Identification of linear motifs in various protein sets
| Domain→motif | Source | 1st correct motif (rank) | SCONS | N/M |
|---|---|---|---|---|
| EB1→IP | Manual | SxIP(1) | N/A* | 7/9 |
| Nuclear localization | LifeBD | KxxKxK(1) | 9.4 × 10−34 | 9/27 |
| PKB→RxRxx(ST) | Phospho.ELM | RxRxxS(1) | 1.7 × 10−64 | 17/28 |
| CDK→(ST)Px(KR) | Phospho.ELM | SPxR(2) | 8.5 × 10−31 | 13/42 |
| PKA→(KR)(KR)x(ST) | Phospho.ELM | RRxS(1) | 0.0 | 36/77 |
| CK-2→(ST)xxE | Phospho.ELM | SDxE(4) | 1.5 × 10−65 | 19/70 |
Source indicates where the set of proteins came from (see text). N is the number of proteins in the set containing the motif, M is the number of sequences in the set.
*SCONS could not be calculated for EB1 as the proteins came from different species. The corresponding P-value is 2.1 × 10−10.
Figure 2The EB1 motif SxIP detected by the server. (A) A sequence logo (27) for the EB1 binding motif, generated using all instances of the motif in the input set. (B) Examples of EB1 binding proteins from the input set (represented as boxes) and multiple alignments of putative motif containing regions. Dark blue regions in the boxes denote those removed by the domain and redundancy filters. A known EB1 binding region (in APC) lies at the C-terminus of a Pfam domain. To avoid its removal, we simply cut the sequence down to this region alone (switching the Pfam filter off will have similar effect). Sequences for the motif-containing region are shown aligned to the best homologues in closely related species. Amino acids in the alignments are coloured according to residue type: blue, positive; red, negative; light-blue, small; yellow, hydrophobic; green, aromatic; magenta, polar; Proline, orange. Positions within the predicted motif are denoted by red triangles. Species abbreviations: Hsa, H.sapiens; Mmu, M.musculus; Rno, R.norwegicus; Gga, G.gallus; Fru, F.rubripes; Cgi, Candida glabrata; Kla, Kluyveromyces lactis; Kwa, Kluyveromyces waltii; Ego, Eremothecium gossypii; Sce, Saccharomyces cerevisiae; Dha, Debaryomyces hansenii.

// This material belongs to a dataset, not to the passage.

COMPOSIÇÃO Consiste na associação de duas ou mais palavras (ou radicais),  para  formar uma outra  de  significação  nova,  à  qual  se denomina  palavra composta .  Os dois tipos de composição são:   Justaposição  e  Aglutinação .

Figure 3Features of known linear motifs. (A) Distributions of length (red), number of specified (i.e. non-‘x’; green) and invariant (i.e. a single specific residue; blue) positions for 120 known linear motifs extracted from the ELM database (7). Note that four motifs with lengths of 13–18 are not shown in the first (red) plot for clarity. (B) Degree to which residues are over-represented in known motifs. Numbers show the ratio of the abundance of the residue within the 120 motifs from ELM to the abundance in globular domains as computed from the protein databank [PDB; (28)]. ‘ALL’ includes all 120, ‘LIG’ are the 66 ligand binding, ‘TRG’ the 16 targeting and ‘MOD’ the 30 modification site motifs. For 7 of 40 residues in the latter two categories there were too few counts to obtain a confident measurement (i.e. <5); these are denoted by an asterix. Note that we have not included a fourth ELM category CLV, which includes protein cleavage sites, as there were too few examples to compute meaningful numbers. Colour scheme: red, strongly favoured in linear motifs compared to globular proteins; orange, moderately favoured; light-blue moderately disfavoured; blue strongly disfavoured.